D’où ma première question : savons-nous estimer l’impact de l’activité actuelle sur l’évolution des espèces concernées ? Faut-il renforcer la vigilance et la réglementation ?

Ce type de pêche aurait également, selon certains, des effets néfastes sur les habitats fragiles, en particulier sur les coraux profonds et porterait donc atteinte à la biodiversité. Qu’en est-il ?

La Commission européenne a envisagé d’interdire dans un délai de deux ans le chalutage en eaux profondes. Tous les pays ne partagent pas ce point de vue, à l’instar de la France et de l’Espagne. Certains n’hésitent pas à comparer cette pratique à celle de bulldozers labourant le fond des océans ou à la déforestation en Amazonie.

Je ne suis pas dupe des enjeux économiques liés à cette pêche. Nous savons bien que les intérêts financiers sont parfaitement capables de s’affranchir des exigences environnementales.

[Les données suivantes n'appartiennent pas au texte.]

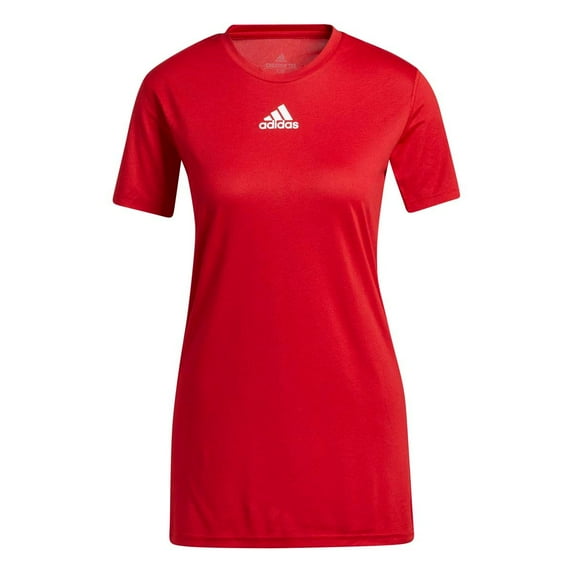 Adidas Womens Creator Short Sleeve Tee Power Red | White XL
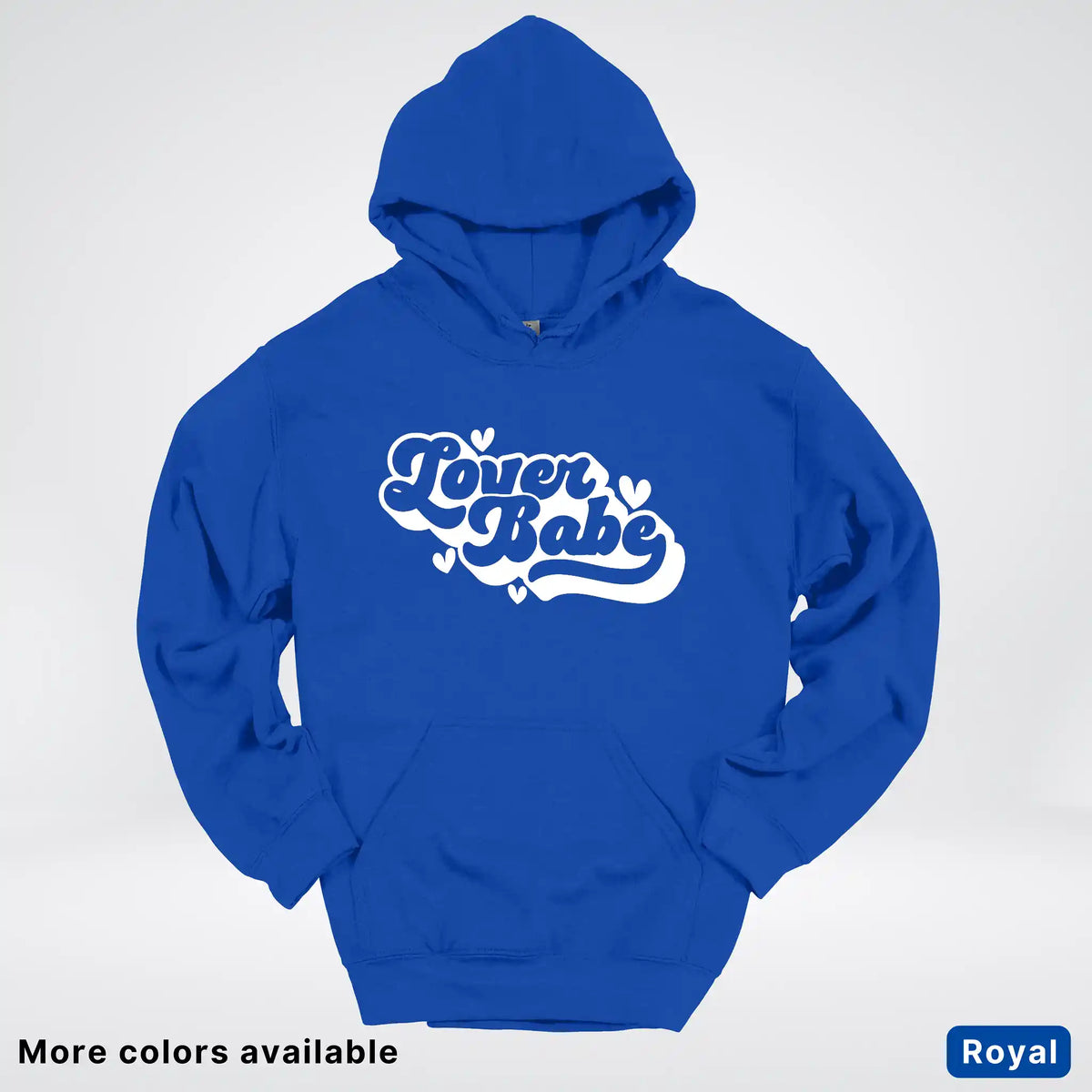 Lover Babe - White Design - Hoodie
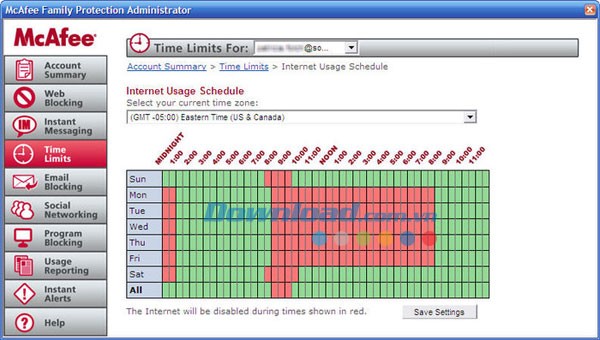 McAfee Family Protection for Mac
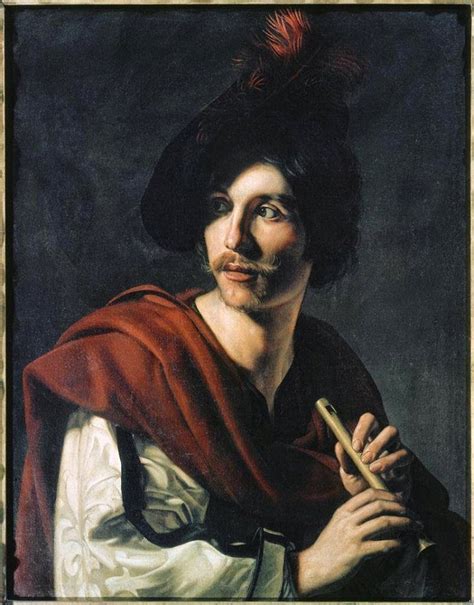 Nicolas Tournier Le joueur de Flûte 1624 Flute player Musical art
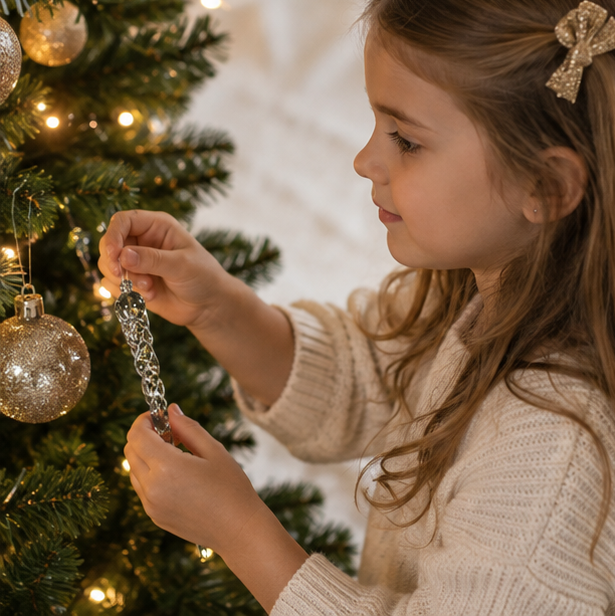 Crystal Snowflake Ornament Set – Clear Hanging Ice Pendants for Christmas Trees, Winter Weddings and Holiday Party Decorations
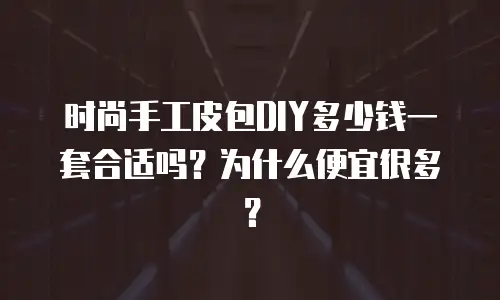 时尚手工皮包DIY多少钱一套合适吗？为什么便宜很多？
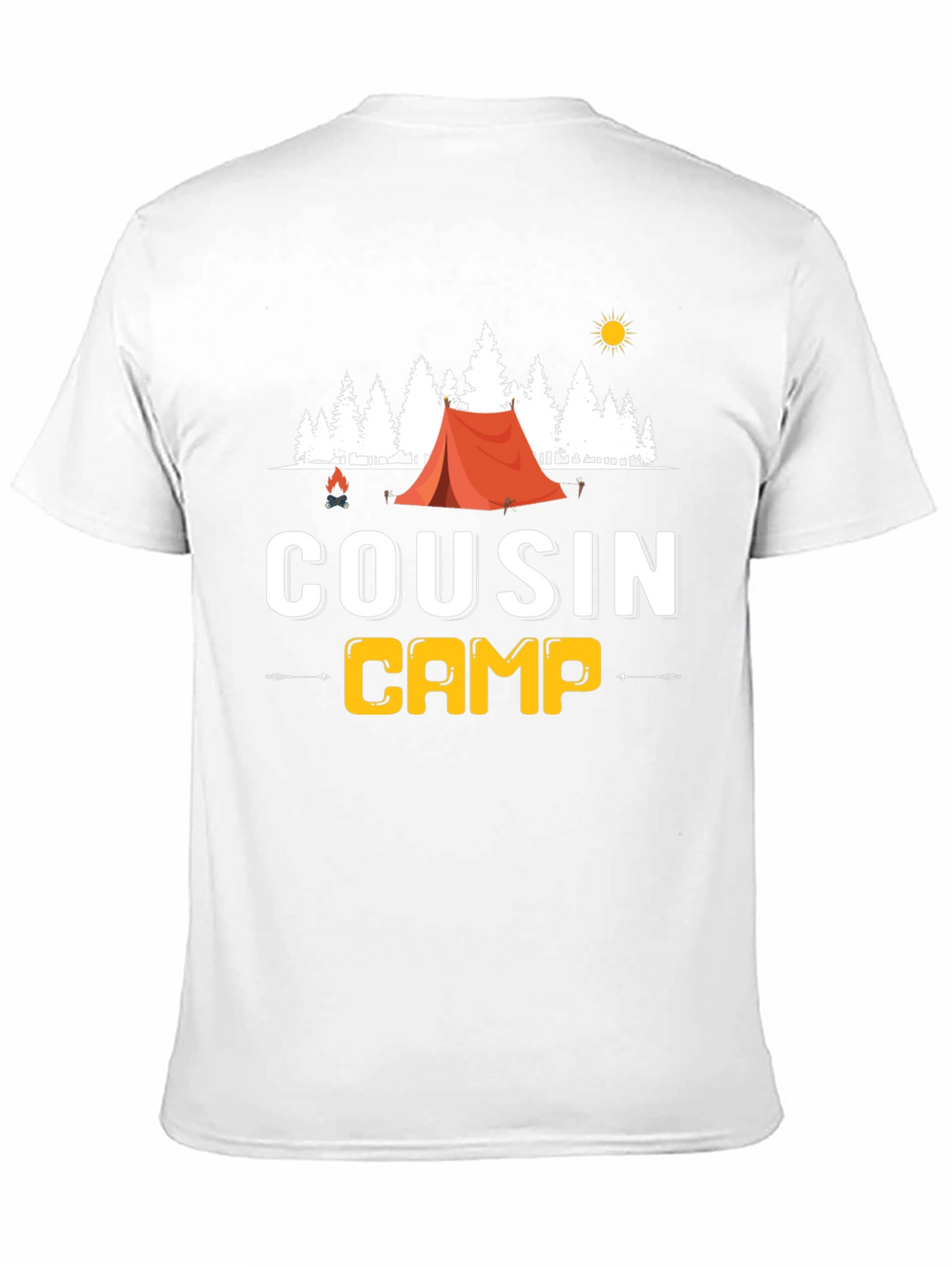 Cousin Camp T-Shirt Camping Trip Tee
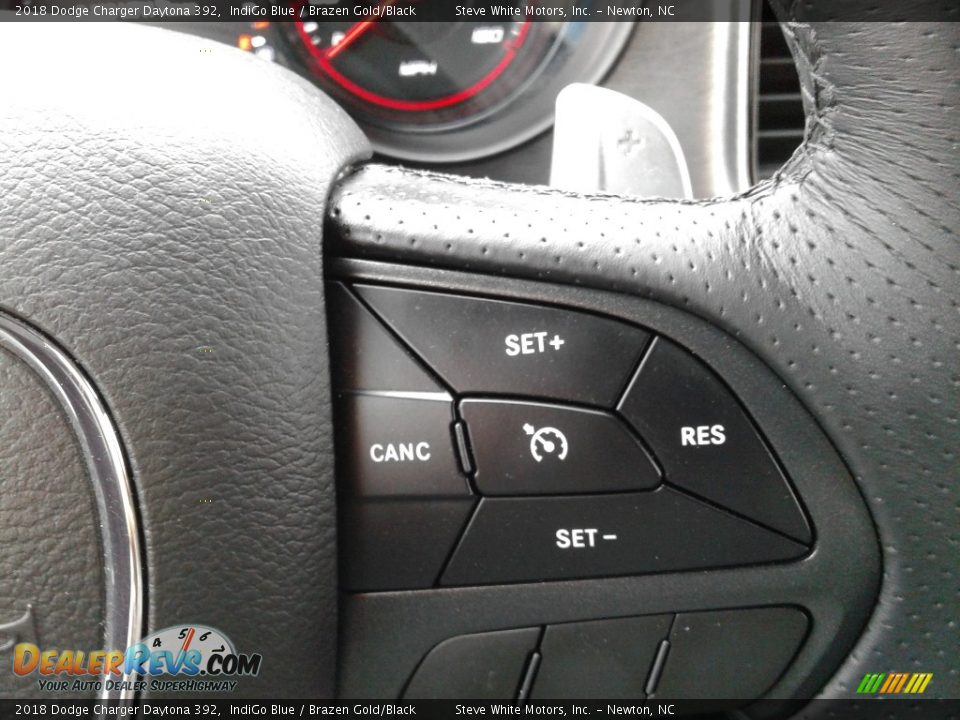 2018 Dodge Charger Daytona 392 IndiGo Blue / Brazen Gold/Black Photo #18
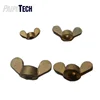 Ansi Cold forming, Stamping, Round Wing Edged Wing Nut Brass Butterfly nut and bolt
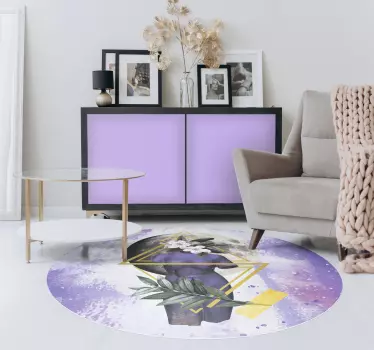 Autocolante decorativo de cores lisas digital lavender - TenStickers
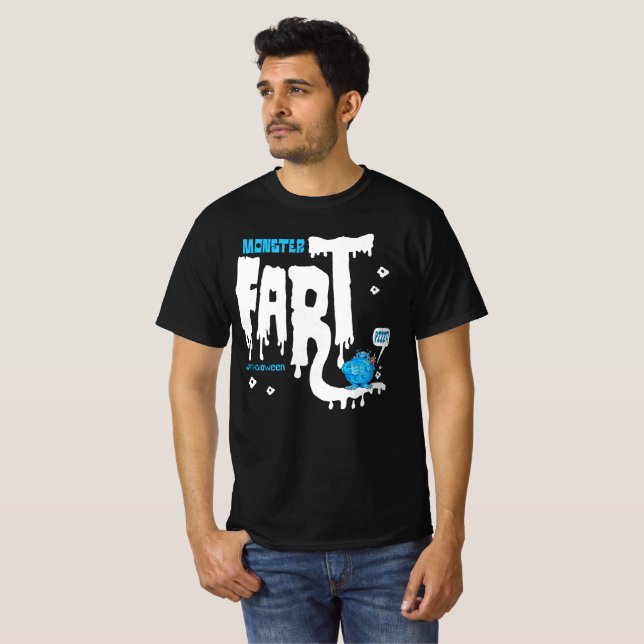 Camiseta Monstro Fart!!! (Frente Completa)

Cette table ronde avec des spécialistes et donc utile pour obtenir une évaluation réelle du danger.

Mme Laurence Abeille. Je vous remercie d’avoir rassemblé des opinions diverses.

Nous parlons d’une pêche qui détruit des écosystèmes précieux dans les milieux marins profonds et qui menace des réserves de biodiversité.

Je m’interroge sur le revirement, dicté par des intérêts industriels pourtant mineurs, qui a conduit à revenir sur le principe qui avait été acté d’une interdiction de cette technique brutale de pêche qu’est le chalutage. Il ressort en outre des interventions que cette pêche est dénuée d’intérêt.

Le document établi par The new economics foundation est très éclairant puisqu’il envisage les conséquences pour la biodiversité mais aussi les aspects économiques et sociaux, chiffres à l’appui. Il apparaît, d’une part, que cette activité représente une part peu importante du secteur de la pêche, qu’elle est peu rentable et très subventionnée. Elle coûte cher à la société pour un intérêt économique limité voire inexistant. D’autre part, il est avéré que les fonds marins sont toujours menacés et qu’ils doivent être protégés.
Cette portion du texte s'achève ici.